Discussion in 'General' started by kindbudhero, Feb 7, 2006.

  1. I'm one of those that never has a lighter and is always looking for a light. I used to carry my lucky zippo but it was stolen. Now I have an orange reg bic that I traded for half a sandwich. I've had that one for a while now. I had the sweetest lighter ever made a while ago. It was all chromy and nice and the flame came out of the side instead of the top so it was PERFECT for rippin a bowl. But it gets better... if you push on the top a butane torch flame comes out instead of a regular flame. So you have both... it was amazing. Made me jizz myself... Bics rule though, so reliable.
     
  2. I had a zippo type lighter that had a pot leaf cut out on the side of it with a blue light behind it, so when you opened the top the light came on and made a silhouette of the leaf, and when you clicked it on the flame was green... yeah.. some one stole that too.. fucker, I hope they die a horrible painfull death by being eaten alive by ants... ok, not really, but almost!!:mad::eek::D

    ~ Terpsichore
     
  3. Are you telling me that if you had a bowl all preped and loaded you wouldn't smoke it if all you had was a yellow lighter!??!?!?!?!? bullshit.

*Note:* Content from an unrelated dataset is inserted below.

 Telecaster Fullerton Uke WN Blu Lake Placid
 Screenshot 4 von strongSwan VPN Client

    I make a grip out of hockey/electrical tape on my lighters to prevent other people from taking them, and I wouldn't smoke with anyone using a nice lighter unless it was just with close friends... don't wanna get lighter jacked
     
  4. ..I Could care less about a lighter's color [unless it's pink:eek:] just get blazed..and those who tell you yellow or w/e is bad luck just wants to blaze it for themselves,lol..

    ~1~
     
  5. What's wrong with pink? A real man could handle it... J/K :D

    ~ Terpsichore
     
  6. It is official, based upon all the threads about the unlucky colours of a lighter I can confirm that, all theories based upon lighter colour are fucking stupid, asinine and retarded. Thank you for playing the superstition game. Be sure to let me know if your young’ in are turned into werewolves by the marauding Bigfoot that may or may not be invading your rustic country town.*







    *The existence of Bigfoot may or may not be false. :p
     
  7. LoL.. What a dick head.. I love you... You're so great! :love:

    ~ Terpsichore
     
  8. I just use whatever's around. In my crew we rarely have to buy lighters because they just kinda float around. I'll go to my friend abbazabba's house and be like "oh here's my green lighter" yet still forget it at her house....

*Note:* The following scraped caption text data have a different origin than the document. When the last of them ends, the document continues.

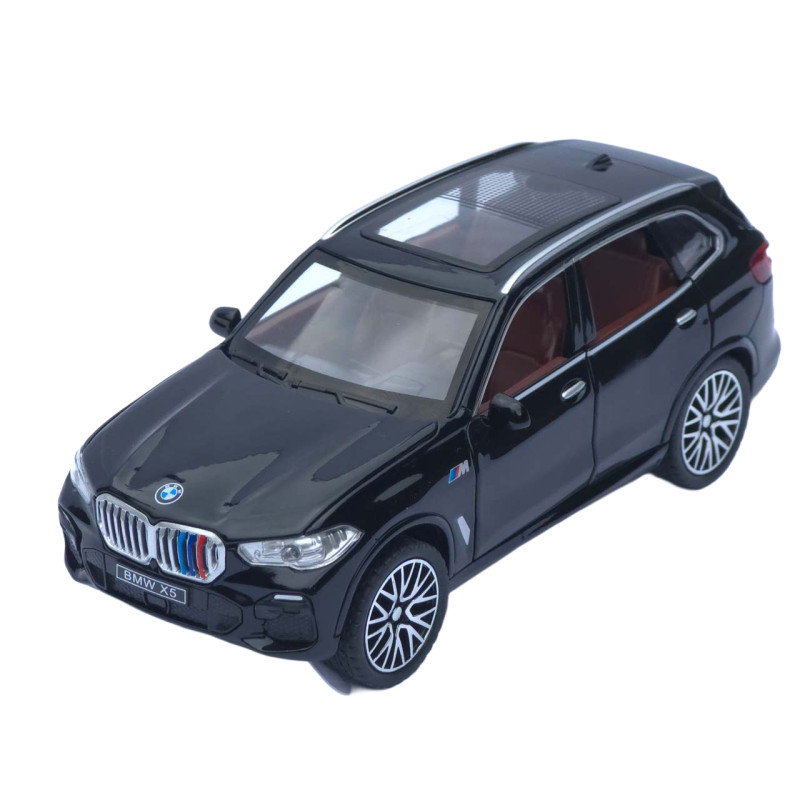 Машинка метал BMW X5 АвтоСвіт чорна 1:32 звук світло інерція 16*7,5*6,5 см (AP-1755)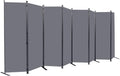 Room Divider 6FT 8-Panel Fabric Privacy Screen - Portable 176in Wide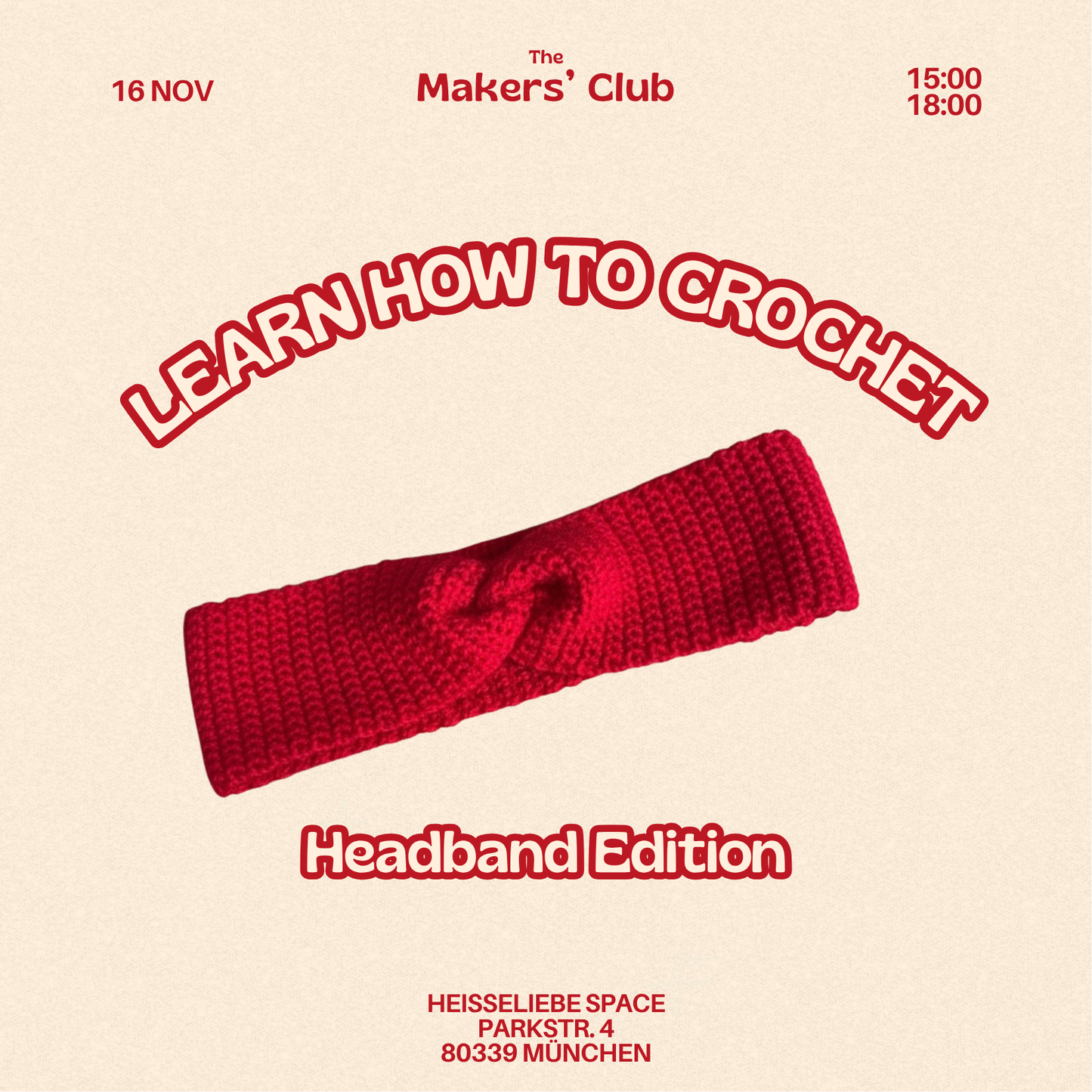 Beginner Crochet Workshop: Headband 🧶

    One time i was determined not to lose my lighter, so i did the only rational thing and bought a New Orleans Saints lighter because....honestly....who the fuck wants a New Orleans Saints lighter???? The amazing thing is that it worked....and it worked beutifully....untill someone convinced me to tear off the label. Needless to say less than an hour later my lighter was gone.
     
  9. Well I have a yellow lighter. And nobody around me wants to use it. Which is partially why I bought it cause not to many people I know would steal a yellow lighter since its " bad luck ". Works out in the end. I think its a bunch of nonsense. Nothing has ever happened to me. And I ALWAYS have a yellow lighter. Smoke bud with it all the time, nothing.